# Thoughts/questions about highback angles and forward lean



## foobaz (Jan 28, 2015)

Hi

I'm setting up my gear for the first days of the season (hopefully this weekend) and I guess I need some advice.

First off, I want to try some forward lean. I definitely need some for the frontside carves and I'd like to go with the middle setting to start with. This is already a smaller angle than on the boot, so I'm thinking that will change the performance of the boot+binding combo in other ways, than just the obvious one... It prevents the heel of the boot from sitting in the deepest part of the binding, right ? That sounds like a bad thing. Is it ?

The other thing is the highback angles.
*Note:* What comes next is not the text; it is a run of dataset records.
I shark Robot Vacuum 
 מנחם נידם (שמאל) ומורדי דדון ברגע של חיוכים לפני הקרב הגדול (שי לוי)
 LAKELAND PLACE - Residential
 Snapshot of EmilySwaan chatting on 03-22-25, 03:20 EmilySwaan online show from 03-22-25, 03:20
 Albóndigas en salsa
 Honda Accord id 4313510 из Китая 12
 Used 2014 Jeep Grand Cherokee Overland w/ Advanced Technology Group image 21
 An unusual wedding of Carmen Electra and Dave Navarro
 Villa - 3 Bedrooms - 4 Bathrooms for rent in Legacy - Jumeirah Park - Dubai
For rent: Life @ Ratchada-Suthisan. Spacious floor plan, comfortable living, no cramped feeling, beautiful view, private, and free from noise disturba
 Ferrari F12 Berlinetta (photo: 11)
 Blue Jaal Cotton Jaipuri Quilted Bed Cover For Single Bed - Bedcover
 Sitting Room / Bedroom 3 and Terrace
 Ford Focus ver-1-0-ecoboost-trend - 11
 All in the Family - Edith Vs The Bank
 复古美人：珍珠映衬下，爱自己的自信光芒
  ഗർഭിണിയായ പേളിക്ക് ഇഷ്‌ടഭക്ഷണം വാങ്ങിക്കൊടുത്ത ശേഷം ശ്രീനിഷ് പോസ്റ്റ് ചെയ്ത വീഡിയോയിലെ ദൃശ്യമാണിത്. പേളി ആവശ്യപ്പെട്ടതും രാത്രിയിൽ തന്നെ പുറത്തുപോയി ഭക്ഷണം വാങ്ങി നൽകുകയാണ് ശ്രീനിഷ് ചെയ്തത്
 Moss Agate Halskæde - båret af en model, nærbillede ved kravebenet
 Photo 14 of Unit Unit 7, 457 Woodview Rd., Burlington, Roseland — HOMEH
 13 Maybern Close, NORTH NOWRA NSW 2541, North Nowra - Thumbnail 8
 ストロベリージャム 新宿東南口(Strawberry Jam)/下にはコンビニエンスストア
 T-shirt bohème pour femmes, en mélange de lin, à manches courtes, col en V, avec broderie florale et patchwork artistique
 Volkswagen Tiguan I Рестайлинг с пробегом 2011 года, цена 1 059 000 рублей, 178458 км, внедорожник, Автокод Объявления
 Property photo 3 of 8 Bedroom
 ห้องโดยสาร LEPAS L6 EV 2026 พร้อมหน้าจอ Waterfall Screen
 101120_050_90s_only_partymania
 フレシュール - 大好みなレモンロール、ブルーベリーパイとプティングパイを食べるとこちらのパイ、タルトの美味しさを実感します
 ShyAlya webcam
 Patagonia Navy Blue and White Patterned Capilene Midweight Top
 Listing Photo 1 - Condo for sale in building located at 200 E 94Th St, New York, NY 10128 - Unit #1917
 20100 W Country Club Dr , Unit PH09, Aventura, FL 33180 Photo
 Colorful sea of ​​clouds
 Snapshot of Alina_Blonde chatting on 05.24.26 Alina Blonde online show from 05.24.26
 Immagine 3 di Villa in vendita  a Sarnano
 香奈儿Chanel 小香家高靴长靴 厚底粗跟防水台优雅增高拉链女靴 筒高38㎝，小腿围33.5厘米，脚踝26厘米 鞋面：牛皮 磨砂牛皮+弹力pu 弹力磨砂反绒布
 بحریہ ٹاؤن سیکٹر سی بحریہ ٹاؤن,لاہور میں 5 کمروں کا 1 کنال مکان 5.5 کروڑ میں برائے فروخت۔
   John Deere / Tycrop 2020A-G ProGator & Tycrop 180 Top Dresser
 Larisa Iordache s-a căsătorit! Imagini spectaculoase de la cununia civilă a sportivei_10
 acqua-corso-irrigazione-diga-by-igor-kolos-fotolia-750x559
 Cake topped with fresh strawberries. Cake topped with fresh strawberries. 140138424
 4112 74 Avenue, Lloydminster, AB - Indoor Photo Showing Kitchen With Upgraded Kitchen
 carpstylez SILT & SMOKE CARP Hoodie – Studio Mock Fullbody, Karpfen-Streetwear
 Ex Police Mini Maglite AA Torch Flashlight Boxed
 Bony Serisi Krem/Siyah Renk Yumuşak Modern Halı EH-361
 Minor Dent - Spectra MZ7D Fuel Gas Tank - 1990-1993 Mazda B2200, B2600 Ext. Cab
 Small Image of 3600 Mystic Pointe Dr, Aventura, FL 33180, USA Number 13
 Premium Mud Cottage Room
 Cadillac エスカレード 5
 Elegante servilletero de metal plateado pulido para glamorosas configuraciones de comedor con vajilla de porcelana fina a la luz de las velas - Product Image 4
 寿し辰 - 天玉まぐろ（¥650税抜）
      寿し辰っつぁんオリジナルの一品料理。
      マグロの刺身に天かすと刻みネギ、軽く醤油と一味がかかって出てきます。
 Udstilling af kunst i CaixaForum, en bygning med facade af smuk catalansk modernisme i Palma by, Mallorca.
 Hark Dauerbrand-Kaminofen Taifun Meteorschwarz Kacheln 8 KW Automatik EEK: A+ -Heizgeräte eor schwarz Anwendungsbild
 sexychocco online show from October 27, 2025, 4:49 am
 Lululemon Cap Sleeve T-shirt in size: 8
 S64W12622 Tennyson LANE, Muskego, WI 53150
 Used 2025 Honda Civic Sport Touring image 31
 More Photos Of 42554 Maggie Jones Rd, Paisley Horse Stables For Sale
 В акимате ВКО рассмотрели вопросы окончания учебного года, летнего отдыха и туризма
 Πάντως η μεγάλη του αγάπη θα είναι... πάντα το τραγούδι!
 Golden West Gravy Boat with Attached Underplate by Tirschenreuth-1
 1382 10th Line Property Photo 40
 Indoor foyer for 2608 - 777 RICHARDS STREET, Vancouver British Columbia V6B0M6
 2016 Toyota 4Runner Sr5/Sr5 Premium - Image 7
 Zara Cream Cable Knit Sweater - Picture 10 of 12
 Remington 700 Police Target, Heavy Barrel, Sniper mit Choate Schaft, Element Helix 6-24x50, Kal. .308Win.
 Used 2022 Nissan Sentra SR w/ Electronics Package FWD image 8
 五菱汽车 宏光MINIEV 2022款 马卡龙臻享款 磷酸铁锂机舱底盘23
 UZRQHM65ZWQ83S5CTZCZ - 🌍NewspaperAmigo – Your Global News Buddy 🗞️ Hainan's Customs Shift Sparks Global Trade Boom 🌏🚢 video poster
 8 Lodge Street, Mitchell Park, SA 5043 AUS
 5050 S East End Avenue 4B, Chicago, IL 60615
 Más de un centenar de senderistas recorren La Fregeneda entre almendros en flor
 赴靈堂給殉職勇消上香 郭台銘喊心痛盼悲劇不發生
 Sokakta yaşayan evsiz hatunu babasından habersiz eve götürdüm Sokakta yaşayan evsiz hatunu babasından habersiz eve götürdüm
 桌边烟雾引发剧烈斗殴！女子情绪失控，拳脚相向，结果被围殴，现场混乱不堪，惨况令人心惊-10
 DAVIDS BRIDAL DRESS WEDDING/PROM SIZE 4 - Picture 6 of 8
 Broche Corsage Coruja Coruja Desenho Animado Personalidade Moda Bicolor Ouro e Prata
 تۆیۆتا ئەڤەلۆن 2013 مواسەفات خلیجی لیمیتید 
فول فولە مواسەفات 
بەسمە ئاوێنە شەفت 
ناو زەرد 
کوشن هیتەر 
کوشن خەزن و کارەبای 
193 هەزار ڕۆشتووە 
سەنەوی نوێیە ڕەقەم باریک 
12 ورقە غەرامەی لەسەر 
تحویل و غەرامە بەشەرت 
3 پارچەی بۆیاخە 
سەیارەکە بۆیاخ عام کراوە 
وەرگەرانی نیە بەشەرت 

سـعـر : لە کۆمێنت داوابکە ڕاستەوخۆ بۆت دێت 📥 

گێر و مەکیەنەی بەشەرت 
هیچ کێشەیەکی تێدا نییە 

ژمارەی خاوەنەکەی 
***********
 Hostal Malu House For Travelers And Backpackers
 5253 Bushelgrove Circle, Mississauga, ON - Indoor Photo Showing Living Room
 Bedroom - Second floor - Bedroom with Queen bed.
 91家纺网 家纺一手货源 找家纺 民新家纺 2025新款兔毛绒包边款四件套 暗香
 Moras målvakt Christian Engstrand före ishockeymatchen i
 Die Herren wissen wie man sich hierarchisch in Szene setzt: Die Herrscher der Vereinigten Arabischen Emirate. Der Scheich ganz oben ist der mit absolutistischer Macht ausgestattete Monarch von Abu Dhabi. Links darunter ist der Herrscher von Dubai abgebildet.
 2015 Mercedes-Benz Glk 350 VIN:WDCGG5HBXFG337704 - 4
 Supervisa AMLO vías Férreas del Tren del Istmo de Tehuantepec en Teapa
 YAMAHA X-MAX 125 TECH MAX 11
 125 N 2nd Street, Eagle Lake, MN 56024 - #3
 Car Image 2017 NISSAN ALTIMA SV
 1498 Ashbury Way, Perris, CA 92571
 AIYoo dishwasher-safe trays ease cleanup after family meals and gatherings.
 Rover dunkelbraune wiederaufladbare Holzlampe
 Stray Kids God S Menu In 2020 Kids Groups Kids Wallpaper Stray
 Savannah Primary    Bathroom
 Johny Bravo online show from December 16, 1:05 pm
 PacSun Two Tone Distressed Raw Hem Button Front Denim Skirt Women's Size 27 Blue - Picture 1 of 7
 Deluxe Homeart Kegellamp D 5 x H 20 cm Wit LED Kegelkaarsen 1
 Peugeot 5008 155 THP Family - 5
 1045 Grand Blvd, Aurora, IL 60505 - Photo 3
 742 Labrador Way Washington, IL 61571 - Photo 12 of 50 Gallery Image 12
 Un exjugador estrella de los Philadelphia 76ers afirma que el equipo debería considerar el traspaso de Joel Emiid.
I ride with a duck stance, so I'm supposed to try and line up the highbacks with the edge of the board. And the reasoning behind this seems sound, but again, this puts the boot in an awkward position. One side of the highback will always exert more pressure on the boot this way, being closer to the front of the binding, than the other... In fact, there will be some pressure on one side as soon, as I strap in. That sounds like a bad thing, right ?

I intend to do both forward lean and the angles, but I'd like to understand fully what the consequences will be. Maybe I'm doing something wrong, I don't know.

Thoughts ?


----------



## Mystery2many (Aug 14, 2013)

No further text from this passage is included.